=== Provided information ===
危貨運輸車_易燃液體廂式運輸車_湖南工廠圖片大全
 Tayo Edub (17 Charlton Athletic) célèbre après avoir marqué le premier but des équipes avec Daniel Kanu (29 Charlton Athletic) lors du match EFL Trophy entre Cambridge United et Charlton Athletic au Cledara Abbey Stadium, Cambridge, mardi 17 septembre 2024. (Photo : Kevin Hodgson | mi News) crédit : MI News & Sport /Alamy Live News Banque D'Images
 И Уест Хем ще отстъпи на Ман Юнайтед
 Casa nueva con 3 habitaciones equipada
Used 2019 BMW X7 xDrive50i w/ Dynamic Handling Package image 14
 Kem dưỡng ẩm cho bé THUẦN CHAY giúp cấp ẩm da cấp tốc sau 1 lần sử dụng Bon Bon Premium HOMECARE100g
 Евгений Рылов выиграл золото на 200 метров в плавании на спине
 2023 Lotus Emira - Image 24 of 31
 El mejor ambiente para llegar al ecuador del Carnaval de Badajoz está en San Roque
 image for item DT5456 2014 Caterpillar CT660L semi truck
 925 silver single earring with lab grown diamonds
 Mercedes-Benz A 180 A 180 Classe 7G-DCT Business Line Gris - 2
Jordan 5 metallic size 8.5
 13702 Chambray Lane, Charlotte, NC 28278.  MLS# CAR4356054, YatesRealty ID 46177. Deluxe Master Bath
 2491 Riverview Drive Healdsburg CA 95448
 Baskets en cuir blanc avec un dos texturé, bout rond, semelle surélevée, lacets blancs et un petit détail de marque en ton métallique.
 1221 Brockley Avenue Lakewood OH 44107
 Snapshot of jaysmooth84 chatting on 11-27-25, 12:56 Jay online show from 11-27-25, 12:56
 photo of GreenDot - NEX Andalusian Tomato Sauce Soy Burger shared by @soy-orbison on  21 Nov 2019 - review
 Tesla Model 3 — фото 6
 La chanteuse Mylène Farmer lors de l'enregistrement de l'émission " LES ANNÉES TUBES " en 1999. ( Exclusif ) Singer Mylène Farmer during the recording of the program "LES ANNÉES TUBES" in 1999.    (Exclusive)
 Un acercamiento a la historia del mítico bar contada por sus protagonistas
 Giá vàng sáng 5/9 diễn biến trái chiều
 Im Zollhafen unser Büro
===
**Exercise directions**
Select and copy each line from the data that includes the word "avec".

**Exercise output**
 Tayo Edub (17 Charlton Athletic) célèbre après avoir marqué le premier but des équipes avec Daniel Kanu (29 Charlton Athletic) lors du match EFL Trophy entre Cambridge United et Charlton Athletic au Cledara Abbey Stadium, Cambridge, mardi 17 septembre 2024. (Photo : Kevin Hodgson | mi News) crédit : MI News & Sport /Alamy Live News Banque D'Images
 Baskets en cuir blanc avec un dos texturé, bout rond, semelle surélevée, lacets blancs et un petit détail de marque en ton métallique.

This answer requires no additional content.